What the task asks
Your answer is to be the exact text of the lines from the one containing "2002 Acura NSX in Spa Yellow over Black" through the final line of the entries, restated in full, with pictures omitted.
⁂
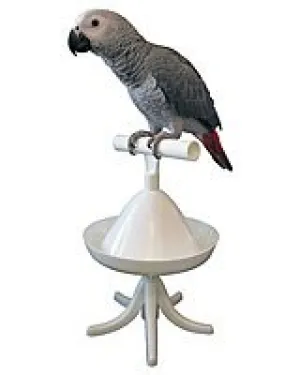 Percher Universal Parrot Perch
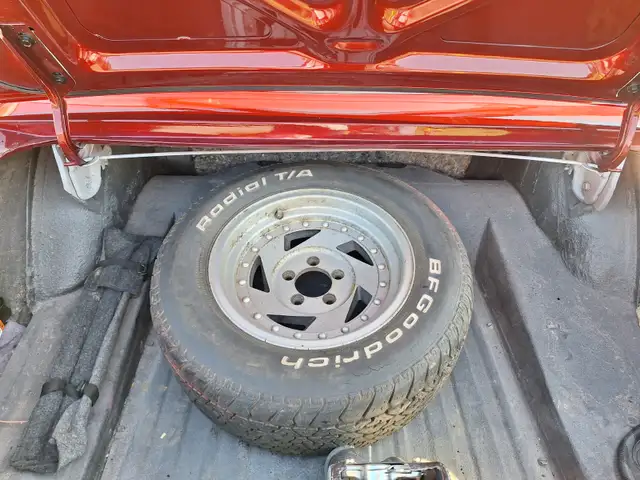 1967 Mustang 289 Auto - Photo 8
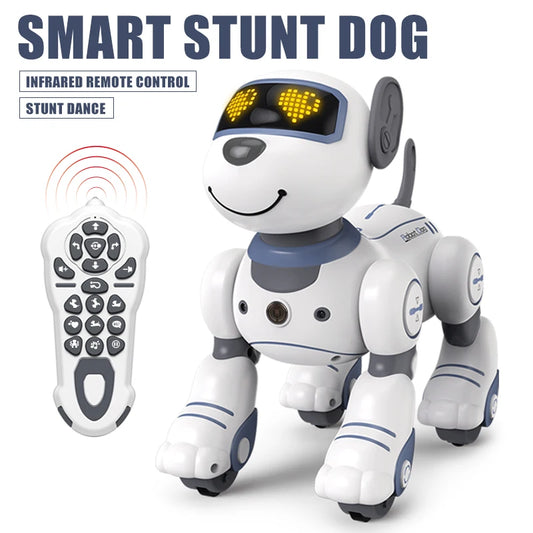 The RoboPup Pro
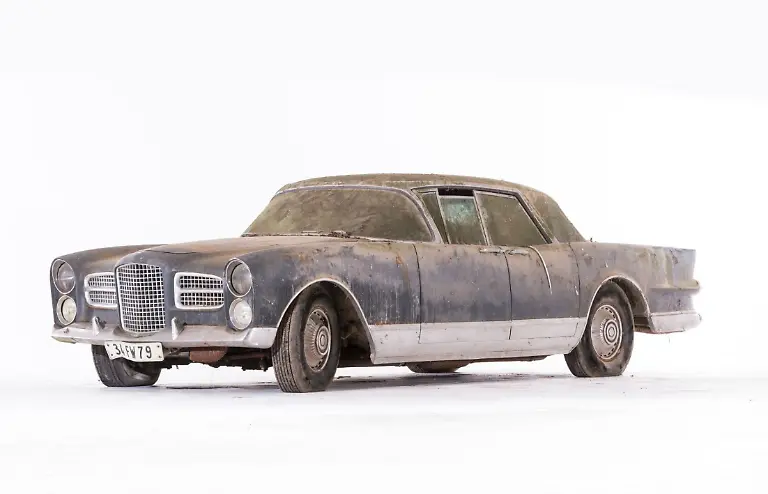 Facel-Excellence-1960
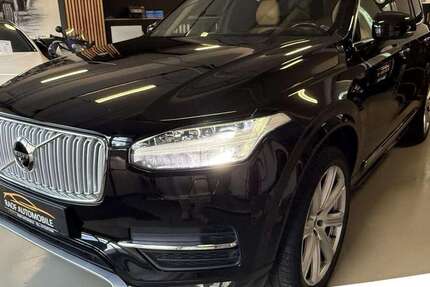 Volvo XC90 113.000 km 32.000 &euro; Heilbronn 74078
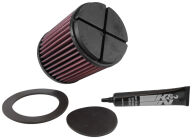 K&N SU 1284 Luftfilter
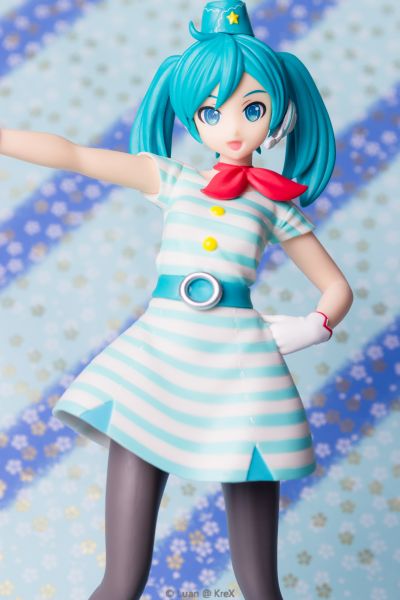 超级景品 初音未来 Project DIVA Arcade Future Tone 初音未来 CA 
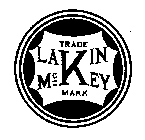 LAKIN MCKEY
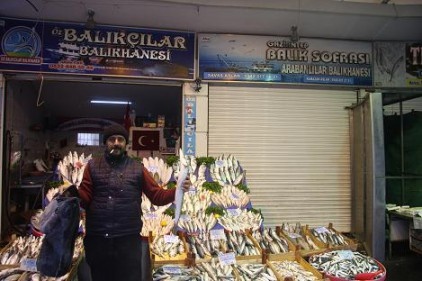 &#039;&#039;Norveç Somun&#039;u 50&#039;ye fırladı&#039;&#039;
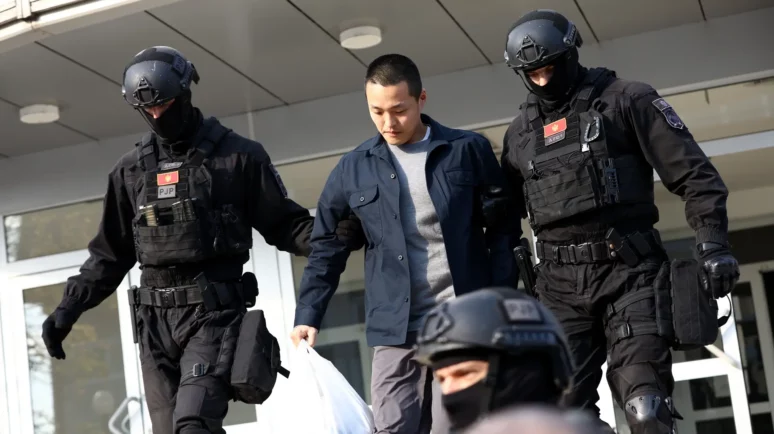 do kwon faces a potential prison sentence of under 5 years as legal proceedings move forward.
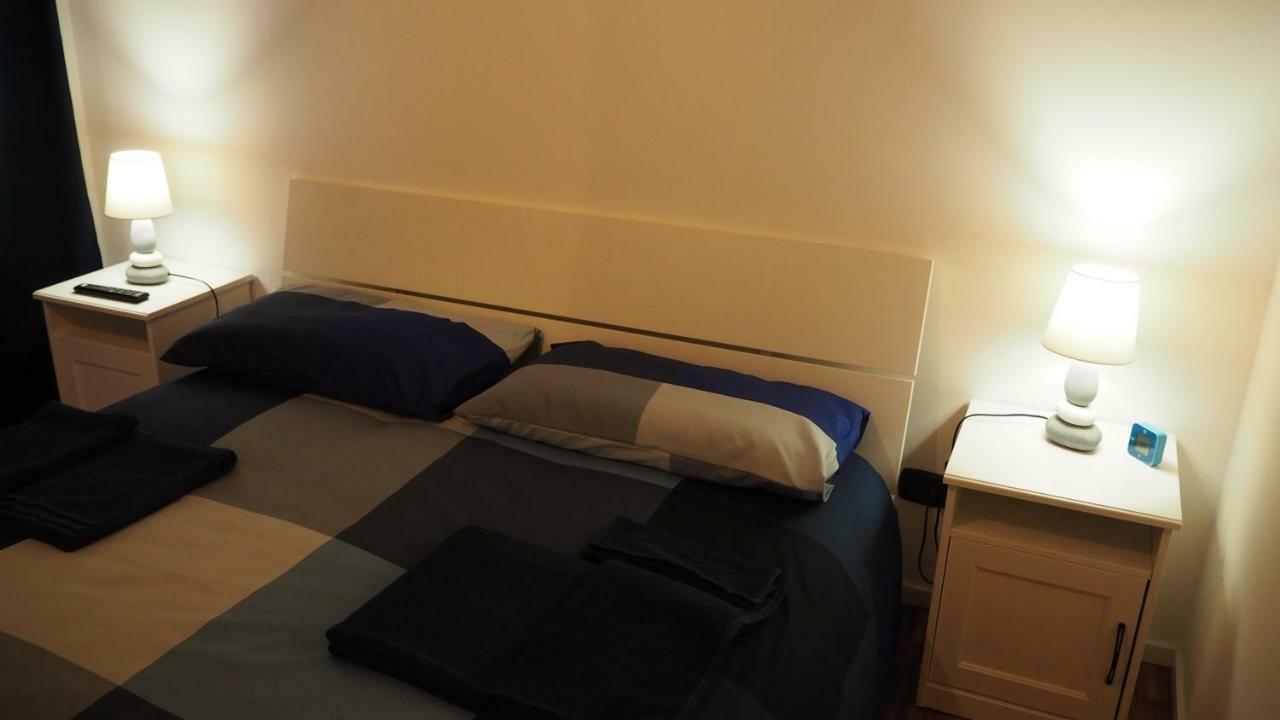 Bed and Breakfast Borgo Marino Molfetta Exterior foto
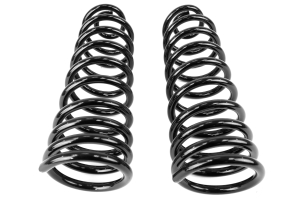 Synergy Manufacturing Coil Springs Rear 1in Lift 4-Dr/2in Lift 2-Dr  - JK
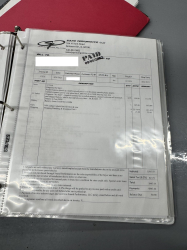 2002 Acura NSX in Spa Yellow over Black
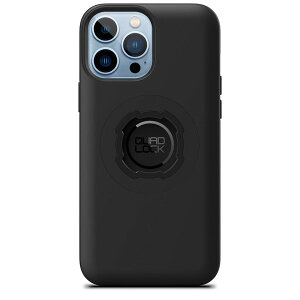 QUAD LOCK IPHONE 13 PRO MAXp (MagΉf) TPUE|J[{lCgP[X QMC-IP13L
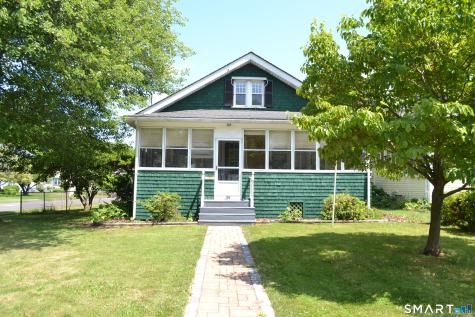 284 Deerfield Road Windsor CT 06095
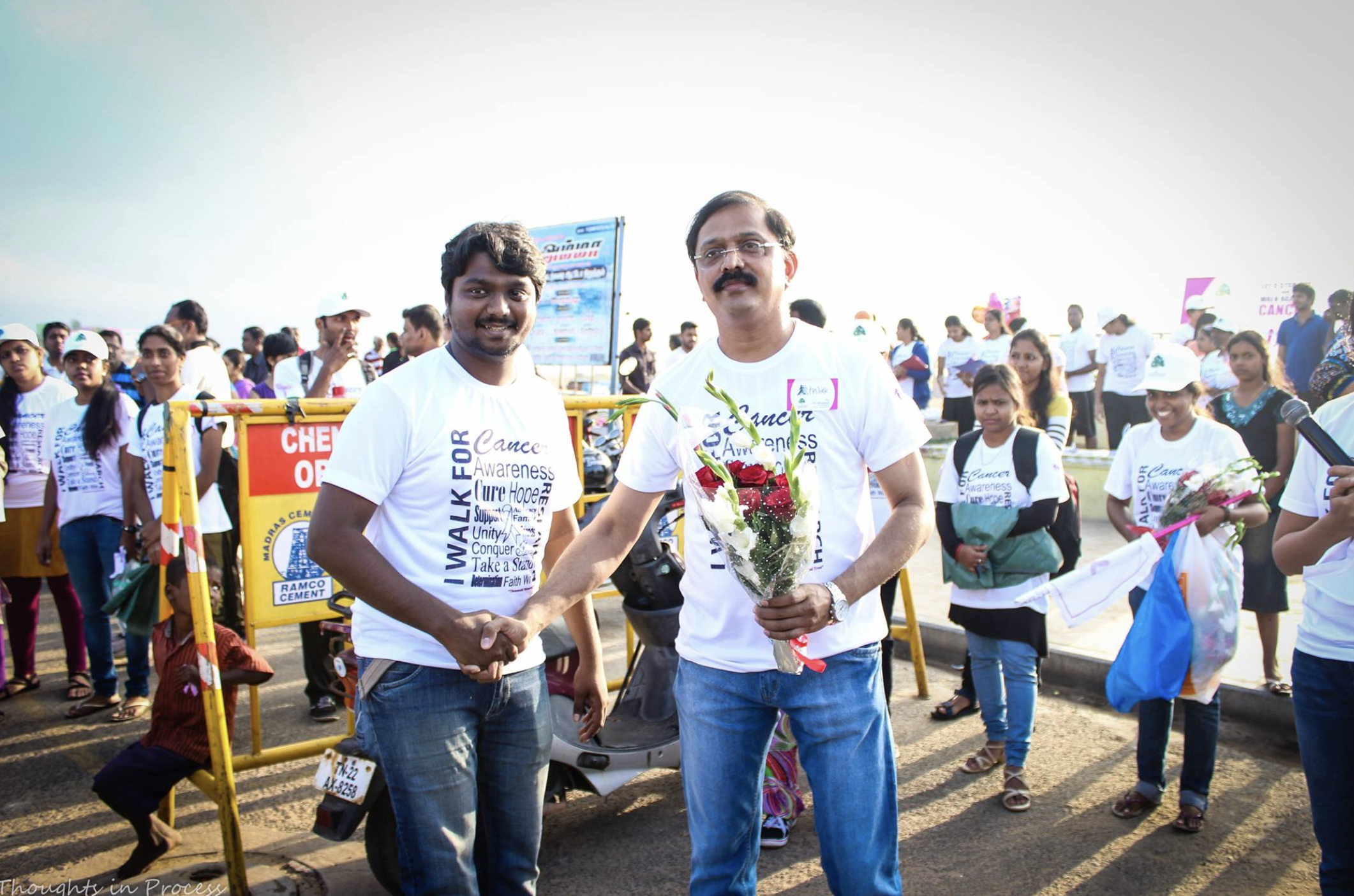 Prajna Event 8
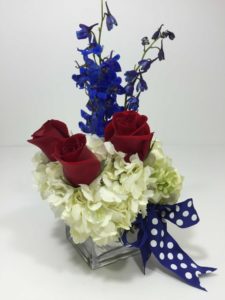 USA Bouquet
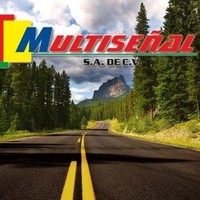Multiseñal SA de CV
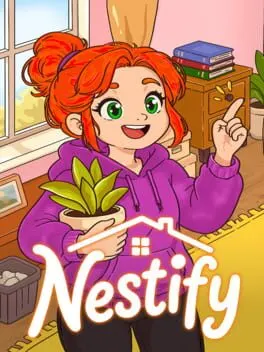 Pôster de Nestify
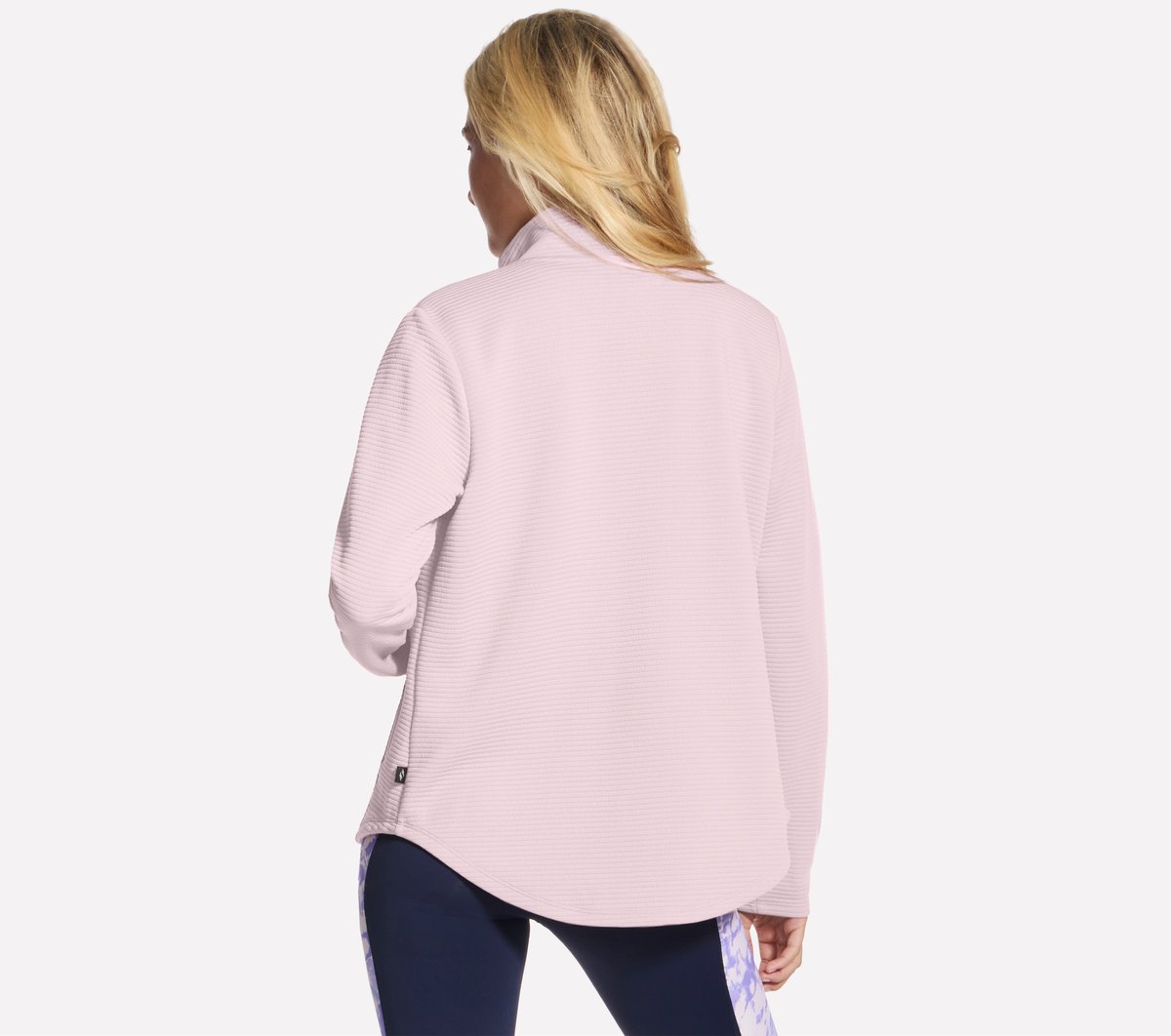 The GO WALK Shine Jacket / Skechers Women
⁂
Task answer
 2002 Acura NSX in Spa Yellow over Black
 QUAD LOCK IPHONE 13 PRO MAXp (MagΉf) TPUE|J[{lCgP[X QMC-IP13L
 284 Deerfield Road Windsor CT 06095
 Prajna Event 8
 USA Bouquet
Multiseñal SA de CV
 Pôster de Nestify
 The GO WALK Shine Jacket / Skechers Women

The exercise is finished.